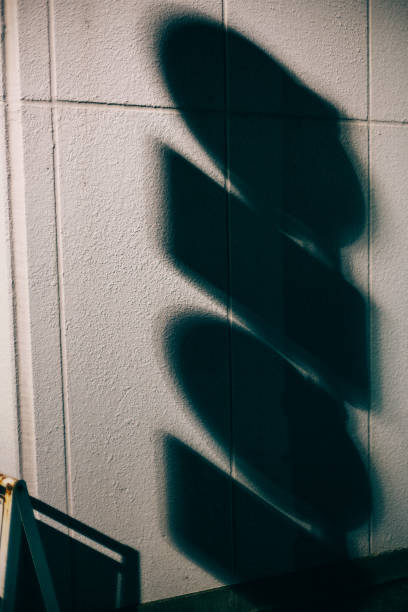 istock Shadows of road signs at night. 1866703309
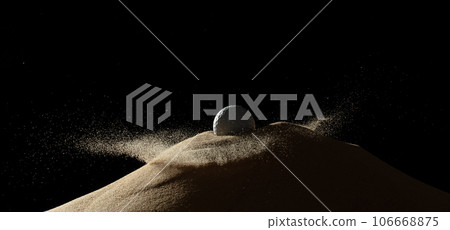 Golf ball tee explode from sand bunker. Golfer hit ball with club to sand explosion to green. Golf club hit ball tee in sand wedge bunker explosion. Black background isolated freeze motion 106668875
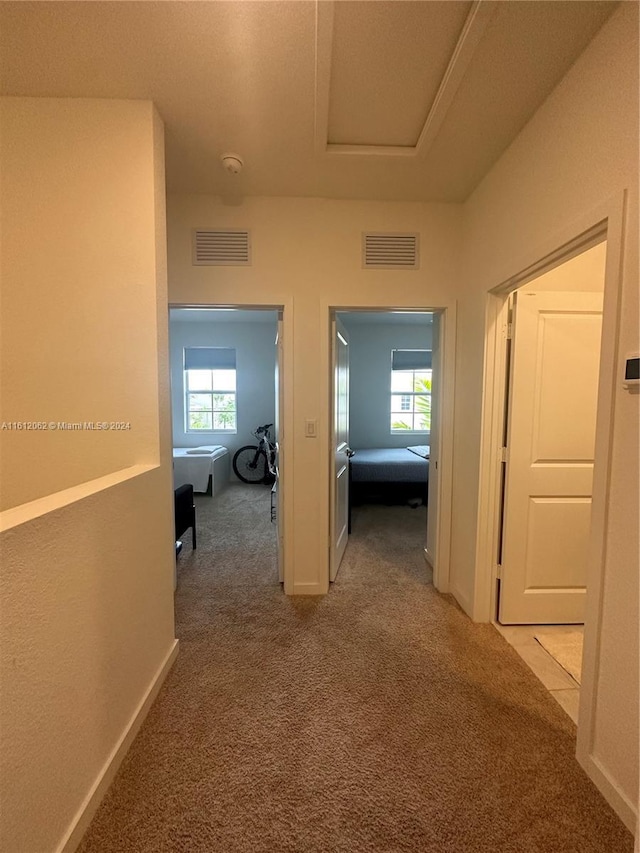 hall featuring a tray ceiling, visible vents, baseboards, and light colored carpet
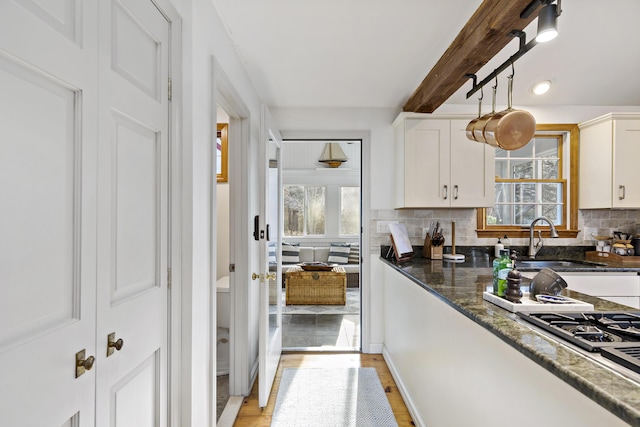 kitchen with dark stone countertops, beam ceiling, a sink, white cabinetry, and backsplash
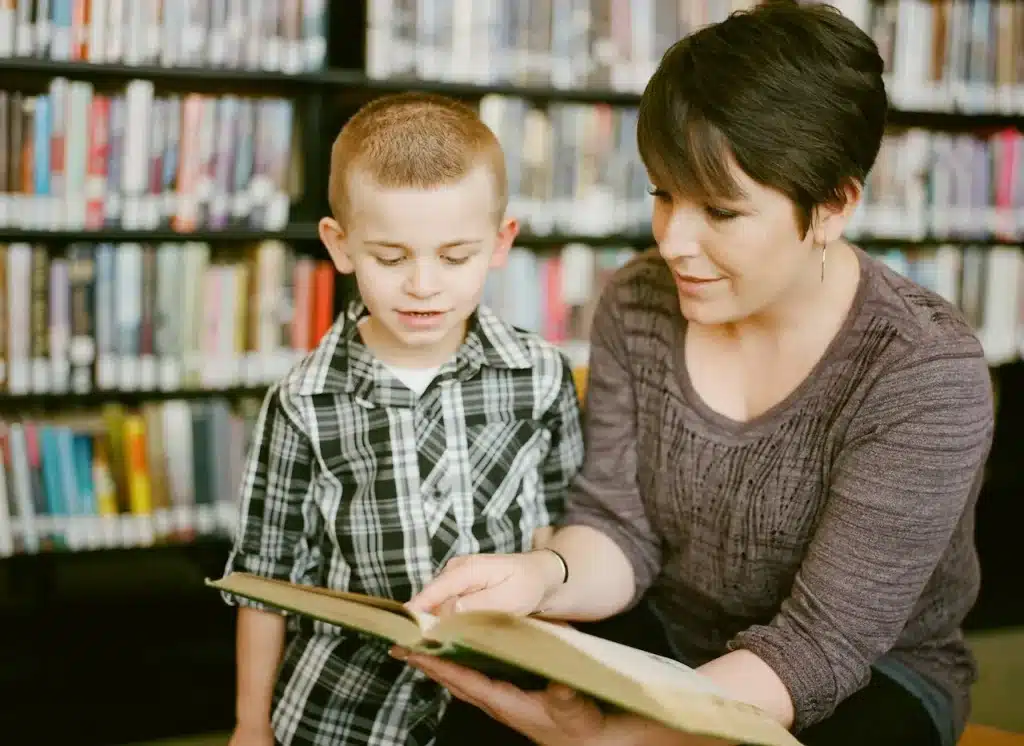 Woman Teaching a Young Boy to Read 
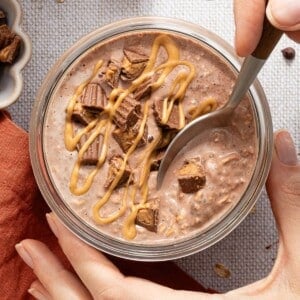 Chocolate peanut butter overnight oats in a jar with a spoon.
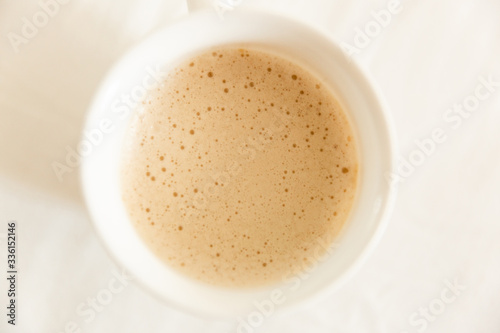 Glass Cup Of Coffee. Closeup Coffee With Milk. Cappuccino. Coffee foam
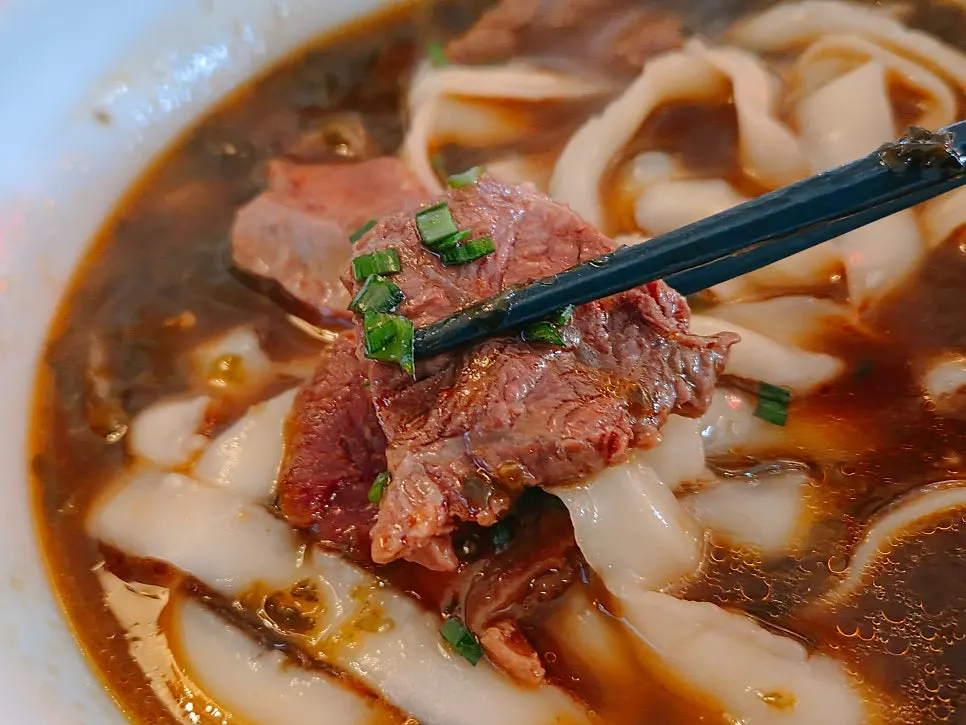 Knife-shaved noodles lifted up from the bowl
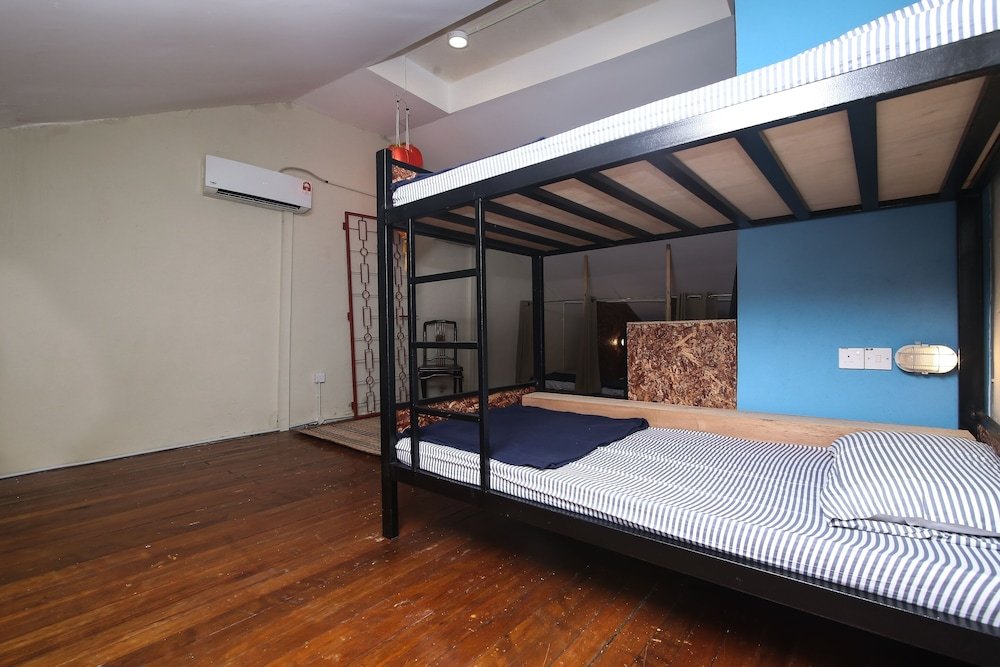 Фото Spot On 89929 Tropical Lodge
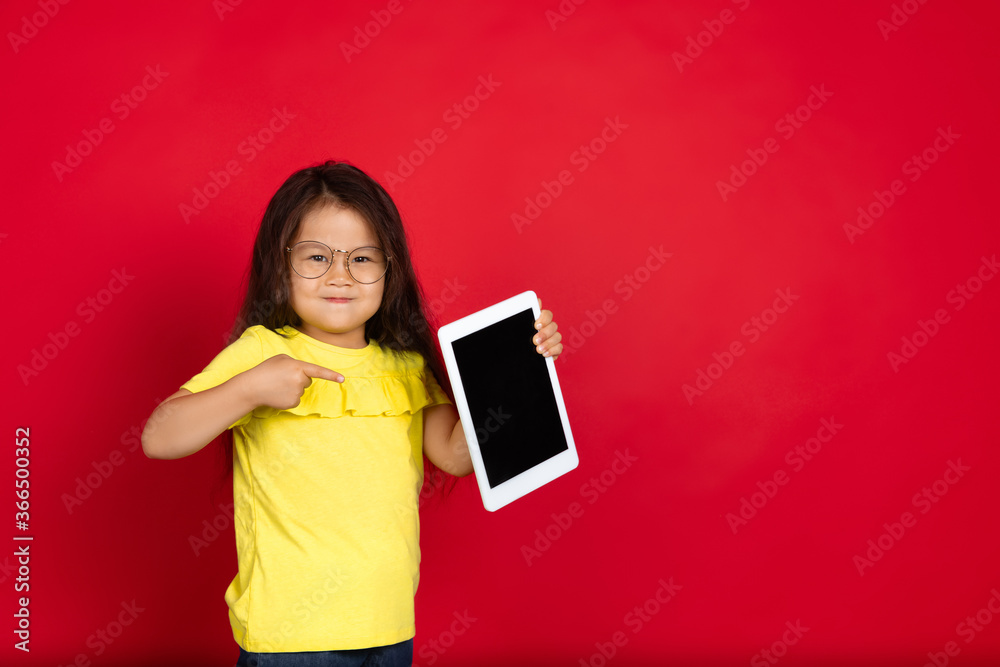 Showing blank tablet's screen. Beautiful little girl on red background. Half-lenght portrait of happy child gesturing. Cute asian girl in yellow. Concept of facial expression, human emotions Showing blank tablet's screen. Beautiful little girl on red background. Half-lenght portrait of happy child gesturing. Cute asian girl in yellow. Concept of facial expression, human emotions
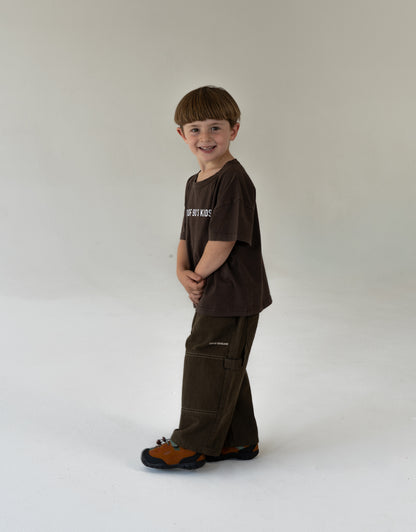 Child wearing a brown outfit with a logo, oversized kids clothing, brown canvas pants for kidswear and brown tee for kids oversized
● ● ●
-- Work to be completed --
Exactly as written, reproduce all of the entries while dropping the pictures.

-- Response --
 istock Shadows of road signs at night. 1866703309
 Golf ball tee explode from sand bunker. Golfer hit ball with club to sand explosion to green. Golf club hit ball tee in sand wedge bunker explosion. Black background isolated freeze motion 106668875
 hall featuring a tray ceiling, visible vents, baseboards, and light colored carpet
 kitchen with dark stone countertops, beam ceiling, a sink, white cabinetry, and backsplash
 Woman Teaching a Young Boy to Read 
 Chocolate peanut butter overnight oats in a jar with a spoon.
 Glass Cup Of Coffee. Closeup Coffee With Milk. Cappuccino. Coffee foam
 Knife-shaved noodles lifted up from the bowl
 Фото Spot On 89929 Tropical Lodge
 Showing blank tablet's screen. Beautiful little girl on red background. Half-lenght portrait of happy child gesturing. Cute asian girl in yellow. Concept of facial expression, human emotions Showing blank tablet's screen. Beautiful little girl on red background. Half-lenght portrait of happy child gesturing. Cute asian girl in yellow. Concept of facial expression, human emotions
 Child wearing a brown outfit with a logo, oversized kids clothing, brown canvas pants for kidswear and brown tee for kids oversized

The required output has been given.